The swift fox lives in pairs, either mating for life, or staying with the same partner for a year.
The swift fox’s den consists of a burrow two to four meters in length with an entrance 7 to 9 in. in diameter. The entrance may either be circular or a key-hole shape (a kit fox burrow also has a key-hole-shaped entrance). The burrow’s small entrance allows it to be used as a means of escaping from predators.
Dens used for resting or predator evasion tend to have a single entrance, while those used for raising pups often have multiple entrances.
A swift fox will either dig its own burrow, or convert the deserted burrows of animals such as American badgers and prairie dogs.
Swift foxes are known to use up to thirteen dens in a year. Reasons for changing den include prey scarcity and the build-up of parasites within a den.
The swift fox is able to run at speeds of over 50 km/h (31 mph). This allows the fox both to evade predators and to capture prey.
Swift Fox Diet & Hunting
Like most canids, the swift fox is an omnivore. Its diet consists mainly of meat but is supplemented by plant matter such as grasses and fruit.
The swift fox is an opportunistic hunter and forager, and will eat a wide variety of prey animals.
Its diet includes rodents such as prairie dogs, ground squirrels and mice, together with jackrabbits and cottontails and other mammals. The fox will also eat reptiles, amphibians, fish, birds and insects.
As well as capturing its own prey, the swift fox will also feed on carrion.
Swift Fox Predators
The main predator of the swift fox is the coyote. Coyotes will often kill swift foxes without eating them as a means of limiting competition for resources.
Other known predators of the swift fox include the American badger, golden eagle, horned owl and bobcat.
The swift fox is usually out-competed by the red fox in areas where both species are present.
Swift Fox Life Cycle
Towards the northern parts of the species’ range, the swift fox’s breeding season begins in February and March, with pups being born in April and May. In the southern United States, breeding begins as early as late December with pups being born in March.
The species’ gestation period ranges from 50 to 60 days. Litters range in size from 2 to 6 pups, with the average litter size being 4.5 pups.
Swift fox pups are born blind and are completely dependent on their mother for the first few weeks of their lives. They are weaned at 6 to 7 weeks of age and will stay with their parents for around 6 months.
Males begin to breed after their first year, while females raise their first family after two years.
Is The Swift Fox Endangered?
The conservation status of the swift fox is currently ‘Least Concern’ and its population is thought to be stable.
Sadly, this has not always been the case.

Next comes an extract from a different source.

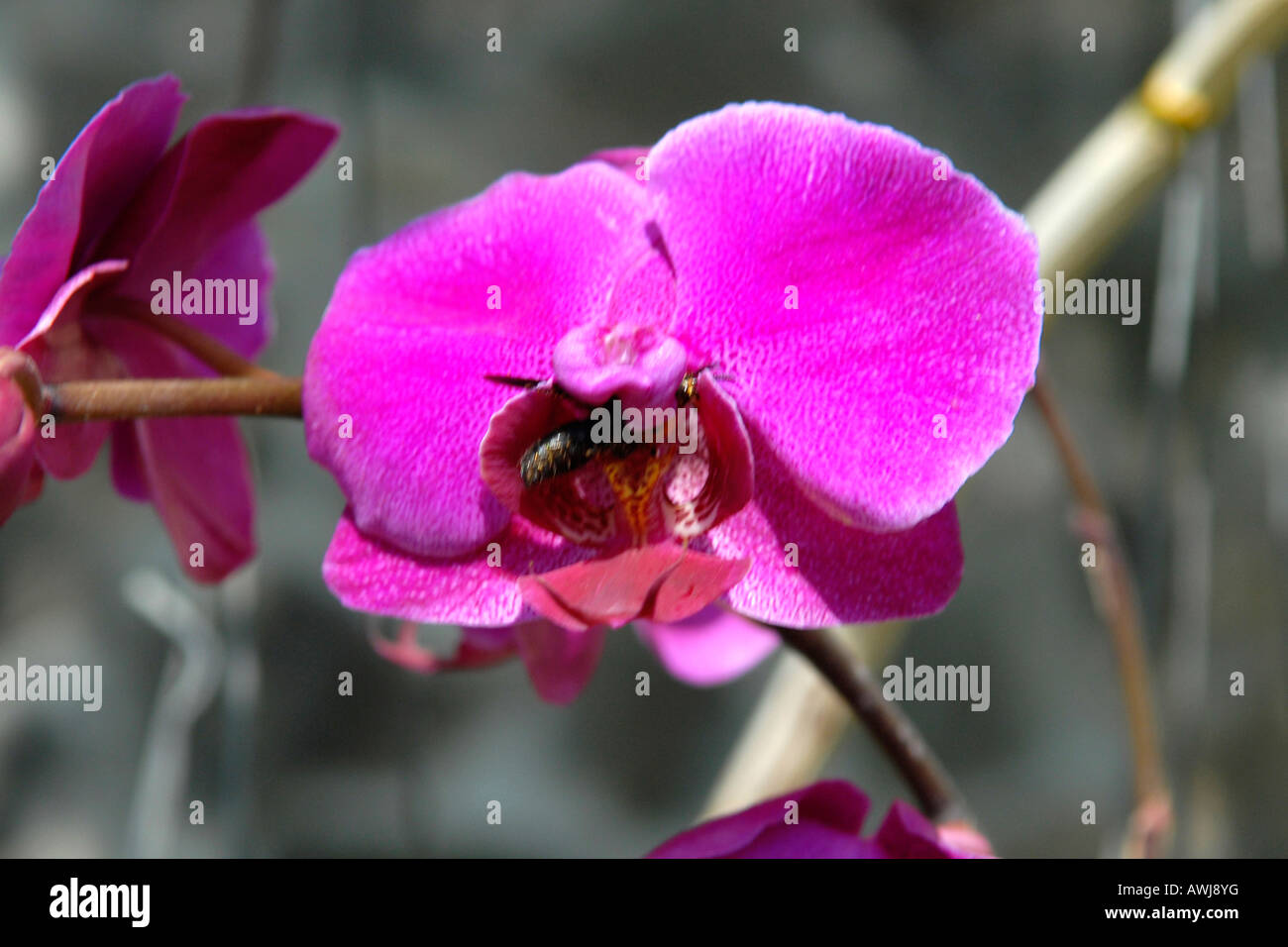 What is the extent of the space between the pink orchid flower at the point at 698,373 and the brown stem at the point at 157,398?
0.01 metres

During the late 19th and early 20th centuries the swift fox was persecuted almost to extinction in many parts of its range.
Although the species wasn’t directly targeted, it fell victim to predator control schemes intended to reduce numbers of coyotes and gray wolves.

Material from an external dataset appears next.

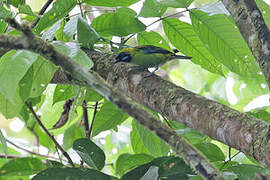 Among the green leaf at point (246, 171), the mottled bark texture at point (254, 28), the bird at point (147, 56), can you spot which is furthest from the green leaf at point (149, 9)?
the green leaf at point (246, 171)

The swift fox was extirpated from several US states, including Oklahoma, Kansas, Montana and Nebraska, by the early 20th century. The swift fox was extirpated entirely from Canada by 1938.

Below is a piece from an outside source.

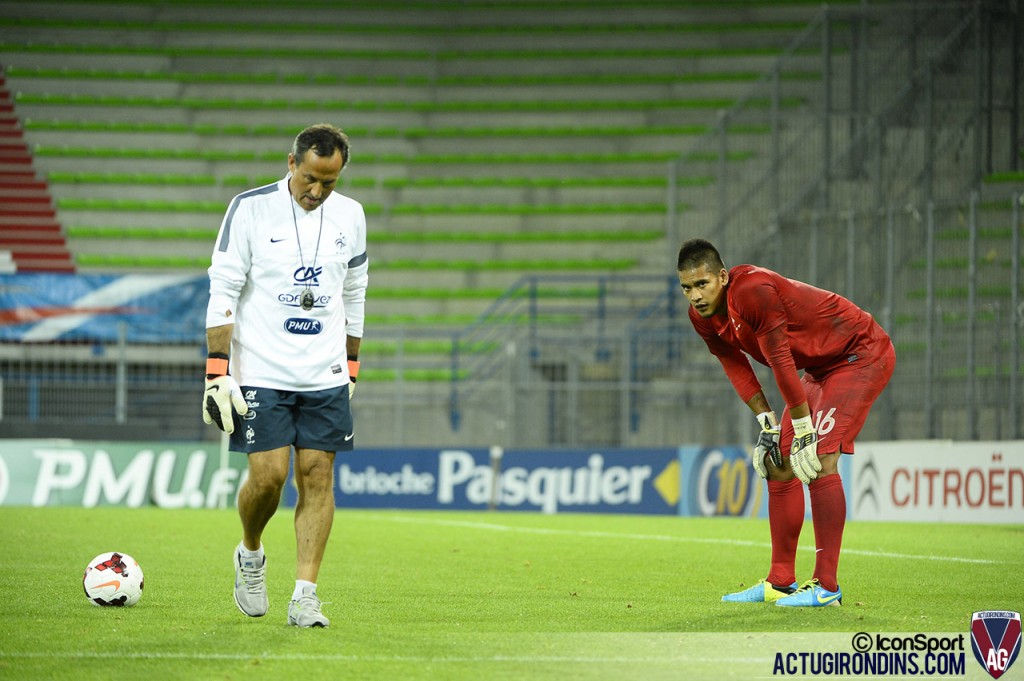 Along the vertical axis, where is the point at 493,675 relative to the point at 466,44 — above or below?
below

Conservation schemes in the United States saw the species make a resurgence in many locations.
The swift fox was re-introduced in Canada in a scheme named the Canadian Swift Fox Reintroduction Programme, which ran from 1972 to 1997. (Source)
The scheme saw 932 swift foxes, 841 of which had been raised in captivity specifically for the project, being released in the Canadian Prairies between 1983 and 1997.
The scheme was a success, and today the swift fox is once again resident in Canada.
Despite these successes, the swift fox is only present in around 40% of its original range.